Norwich woman attributes long life to ‘clean living’
A Norwich woman who was born as revolution swept Russia has celebrated her 100th birthday in the city which is still her home.
Edna Mann – nee Swain – celebrated the milestone with friends and neighbours at Norwich Housing Society’s Westwood House off Earlham Road, where she has been a resident for 30 years.
Born in Exeter Street, she went to school at Thorpe Hamlet School on Ella Road before going to work at aged 14 at Caley’s chocolate factory, where other members of her family worked – and where she was to meet her future husband.
One distinct memory of early married life was in 1940, she emerged from the communal air raid shelter to find that her home had been levelled by German bombers.
A lifelong Salvationist and wife of a Salvation Army officer, Edna lived for some time in Reading in the former house of the Salvation Army’s founder William Booth, before returning to Norwich.
She spent many years in the kitchens of the city’s Salvation Army, preparing and distributing meals for the homeless – and she can still be found there making tea on a Wednesday. She was also an avid knitter, making blankets and shawls for those in need.

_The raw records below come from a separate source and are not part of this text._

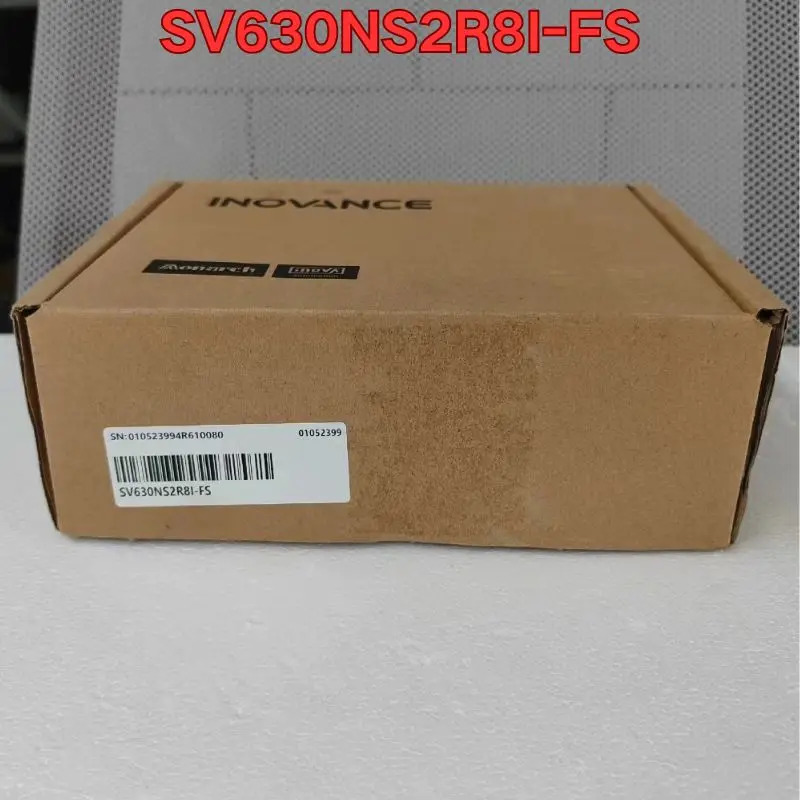 오리지널 서보 드라이브 SV630NS2R8I-FS 신
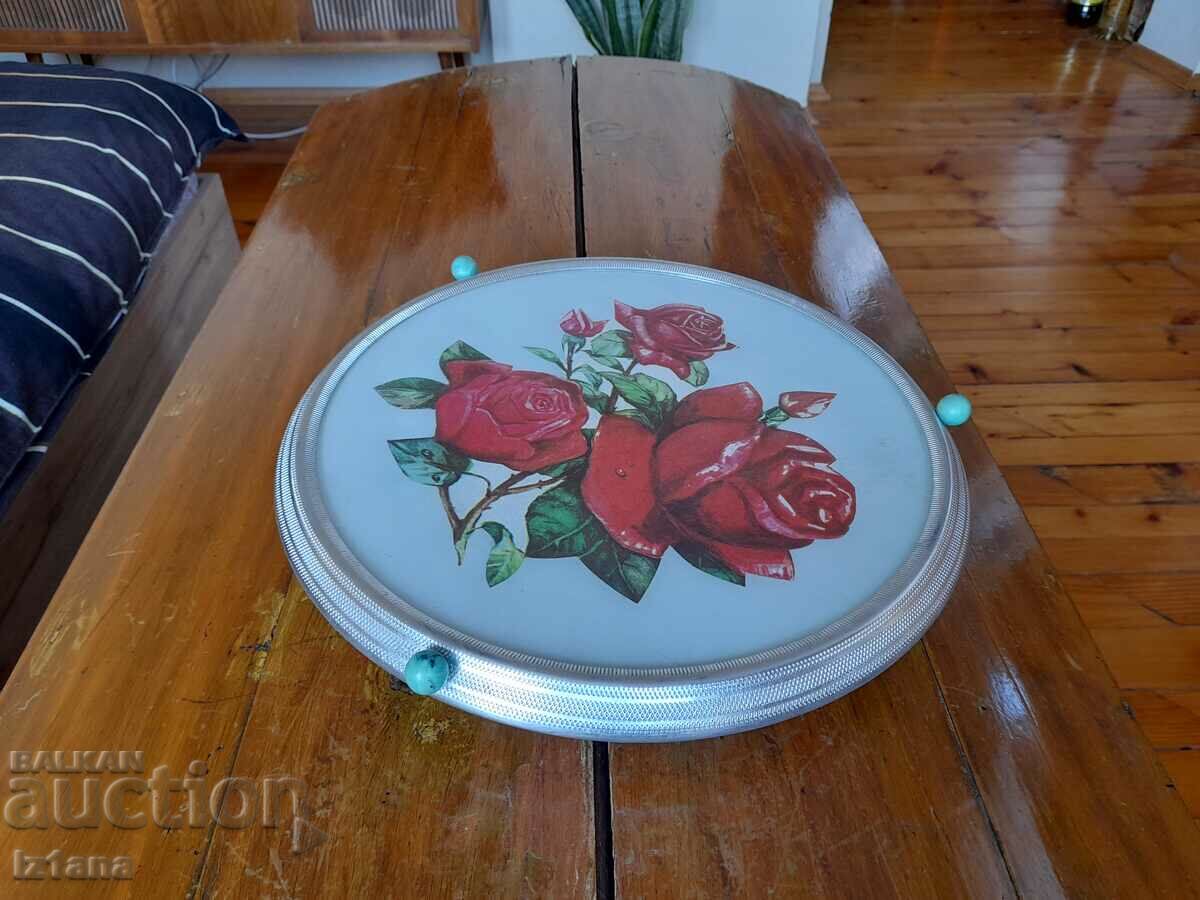 Old tray with price 40.00 BGN | € 20.45 Old tray with price 40.00 BGN | € 20.45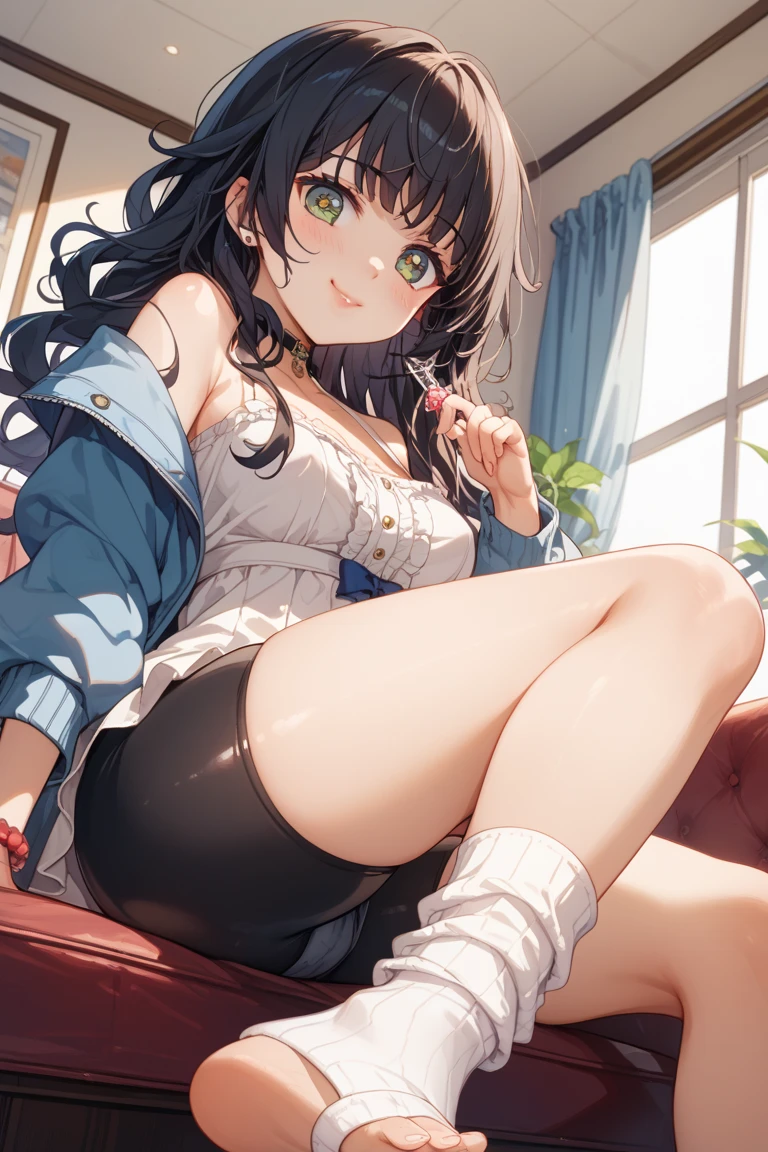 Make your eyes blue、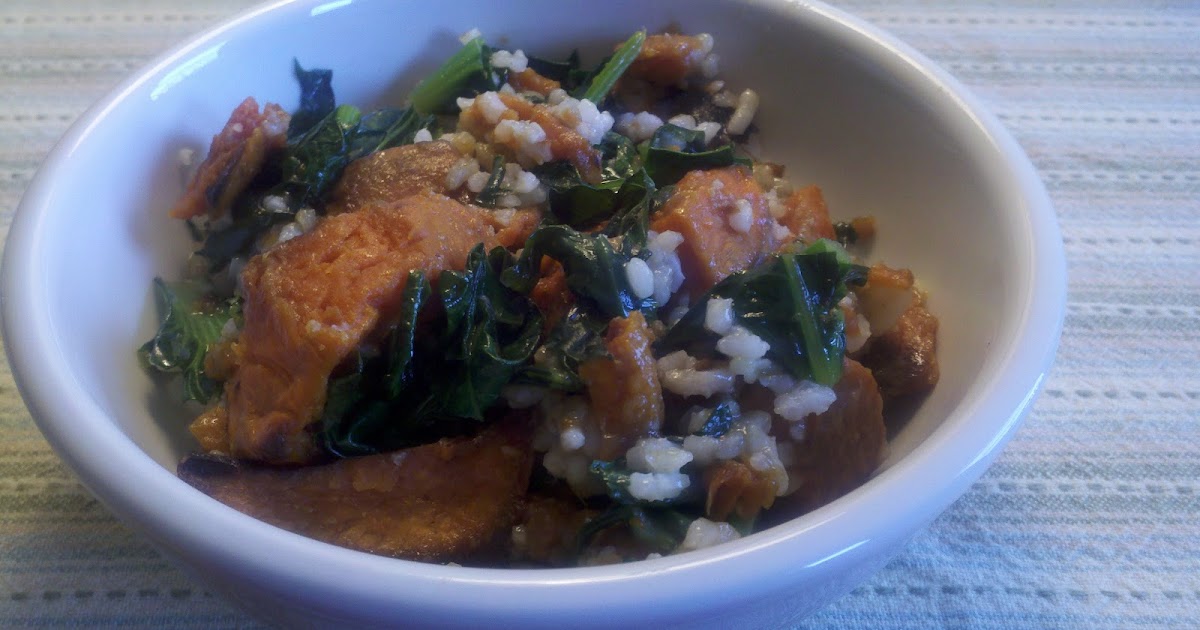 Cranky Gerd Recipe Sweet Potato and Greens Thinking Outside the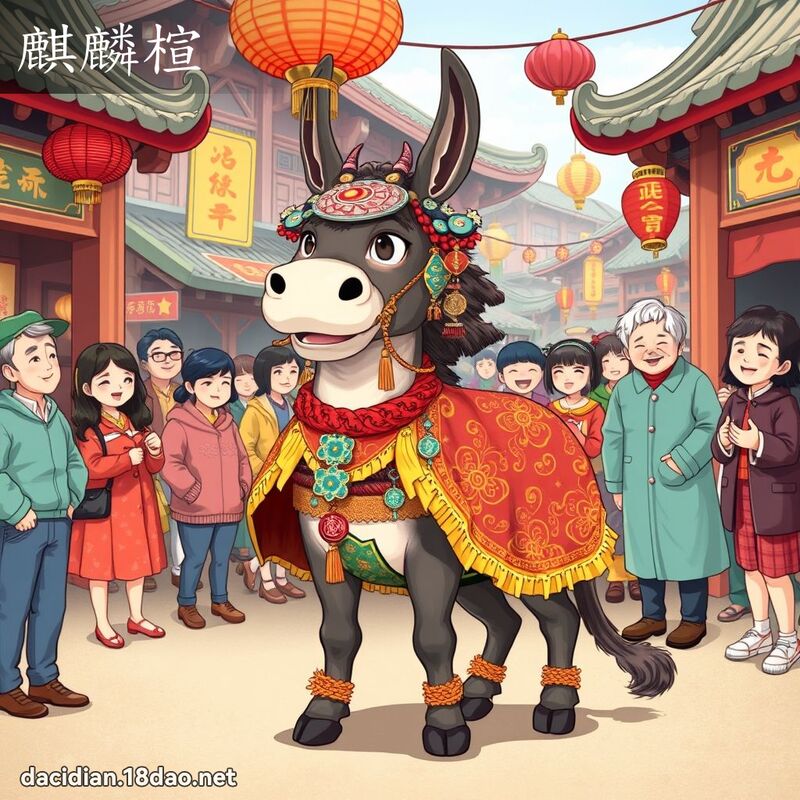 麒麟楦 - 國語大辭典配圖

Edna attributes her longevity to ‘clean living’ – a lifetime of not smoking or drinking. Her favourite food is fish; she loves listening to the music of the Salvation Army’s brass band, and watching pointless, football and especially snooker on the television – in fact family members are well aware not to call her if there is snooker on television, as she won’t pick up.
Norwich Housing Society chief executive Mike Allen, who presented Edna with a bouquet of flowers to mark her birthday, said, “Edna is one of our longest-standing residents, and she really is a remarkable lady. She remains fit, active and independent, and an inspiration to us all.”
As well as the celebration at Westwood house, Edna also marked her big birthday with a Salvation Army celebration, and a family party.